I won’t elaborate on the developer library, as it’s targeted mostly at developers with specific needs. Instead, I will concentrate on its tools for operators and analysts:
bgpgrep– the main star of the show;
peerindex– an inspection tool for MRT Routing Information Base (RIB) dumps, to print out relevant entries of the Peer Index Table;
bgpscanner– a backwards compatibility script to Isolario bgpscanner, for users familiar with the old bgpscanner utility by the same author, its purpose is to ease the migration process and learning of its replacement tools.
Let us focus briefly on bgpgrep, by far the most flexible among the tools mentioned.
In a way similar to the excellent bgpdump by RIPE NCC, bgpgrep is a friendly shell utility to format MRT dumps in a human readable way.
It inherits the same output format as bgpscanner, carefully defined to be parsed easily by scripting languages (like perl or python) or other shell utilities, making it a nice Unix citizen that can easily interoperate with the rest of the system.
Other defining traits are its performance (about 20% faster than the already outstanding bgpscanner), and its extremely flexible BGP filtering and matching capabilities.
For simple uses, bgpgrep can directly decode and format a number of MRT dumps efficiently, in such a way its output can be conveniently fed to more utilities.
In more advanced uses, bgpgrep can extrapolate only data of interest from a vast set of dumps, by applying rules defined with an intuitive syntax.
Extraneous data is discarded from output with minimal processing, making the use of rules a convenient time-saver, often making the difference between a few hours and a few minutes when several gigabytes of input are involved. Data can even be piped directly to bgpgrep, there is no actual need for it to come in an MRT dump file.
- Print any BGP message with supernets of 220.127.116.11 originated after July 10th:
$ bgpgrep ./rib.20210701.0000.gz ./updates.*.gz -supernet 18.104.22.168/32 -timestamp ">=2021-07-10"
- Print any BGP message whose AS_PATH contains loops or bogon ASN:
$ bgpgrep ./rib.20210701.0000.gz -loops -or -bogon-asn
- Print messages with subnets of 2001:67c:1b08::/48 not originated by AS2598 (trivial mis-origin/hijack detection):
$ bgpgrep ./rib.20210701.0000.gz ./updates.*.gz -subnet 2001:67c:1b08::/48 -not -aspath "2598$"

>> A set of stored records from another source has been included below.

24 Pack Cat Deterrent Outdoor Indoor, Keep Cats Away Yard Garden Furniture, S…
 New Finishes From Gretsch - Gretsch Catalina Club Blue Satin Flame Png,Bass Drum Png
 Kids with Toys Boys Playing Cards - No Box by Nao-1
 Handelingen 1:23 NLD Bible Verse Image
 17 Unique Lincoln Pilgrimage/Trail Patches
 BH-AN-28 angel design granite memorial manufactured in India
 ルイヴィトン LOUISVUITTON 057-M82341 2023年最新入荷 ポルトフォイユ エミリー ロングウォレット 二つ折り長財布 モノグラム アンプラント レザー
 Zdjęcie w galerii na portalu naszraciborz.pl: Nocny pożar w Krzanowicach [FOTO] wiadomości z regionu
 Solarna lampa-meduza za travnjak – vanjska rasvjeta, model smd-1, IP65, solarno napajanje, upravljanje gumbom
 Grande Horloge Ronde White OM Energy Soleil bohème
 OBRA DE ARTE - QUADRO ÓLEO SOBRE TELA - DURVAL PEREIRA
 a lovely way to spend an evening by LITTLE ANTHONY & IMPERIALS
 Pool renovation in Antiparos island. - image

- Print messages whose AS_PATH crosses link AS174 AS3356 AS2914, with possible prepending inbetween (useful for leak detection):
$ bgpgrep ./rib.20210701.0000.gz ./updates.*.gz -aspath "174 3356+ 2914"
If you are looking for some nice tools to inspect MRT dumps, integrating well with other familiar utilities the way you want, be sure to check out the Micro BGP Suite at DoubleFourteen Code Forge and have a look its sources at the official DoubleFourteen Code Forge Git Repository.
Hoping this post can be at least as useful to you as it was fun for me to write.